### Work instruction
Reproduce the records in full. Alter nothing.

### Records shown
........

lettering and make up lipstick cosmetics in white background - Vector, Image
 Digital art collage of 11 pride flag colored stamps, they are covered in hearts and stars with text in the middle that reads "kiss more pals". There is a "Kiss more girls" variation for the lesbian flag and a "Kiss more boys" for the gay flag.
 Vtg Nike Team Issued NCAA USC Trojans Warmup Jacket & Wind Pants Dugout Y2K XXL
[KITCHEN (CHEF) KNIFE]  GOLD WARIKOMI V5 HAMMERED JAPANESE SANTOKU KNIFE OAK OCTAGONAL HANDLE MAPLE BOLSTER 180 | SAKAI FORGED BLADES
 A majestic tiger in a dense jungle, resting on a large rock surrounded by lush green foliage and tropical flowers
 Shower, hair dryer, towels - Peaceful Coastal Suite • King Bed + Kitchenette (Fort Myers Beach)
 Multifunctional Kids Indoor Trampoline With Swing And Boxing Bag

........

### Answer to the problem
lettering and make up lipstick cosmetics in white background - Vector, Image
 Digital art collage of 11 pride flag colored stamps, they are covered in hearts and stars with text in the middle that reads "kiss more pals". There is a "Kiss more girls" variation for the lesbian flag and a "Kiss more boys" for the gay flag.
 Vtg Nike Team Issued NCAA USC Trojans Warmup Jacket & Wind Pants Dugout Y2K XXL
[KITCHEN (CHEF) KNIFE]  GOLD WARIKOMI V5 HAMMERED JAPANESE SANTOKU KNIFE OAK OCTAGONAL HANDLE MAPLE BOLSTER 180 | SAKAI FORGED BLADES
 A majestic tiger in a dense jungle, resting on a large rock surrounded by lush green foliage and tropical flowers
 Shower, hair dryer, towels - Peaceful Coastal Suite • King Bed + Kitchenette (Fort Myers Beach)
 Multifunctional Kids Indoor Trampoline With Swing And Boxing Bag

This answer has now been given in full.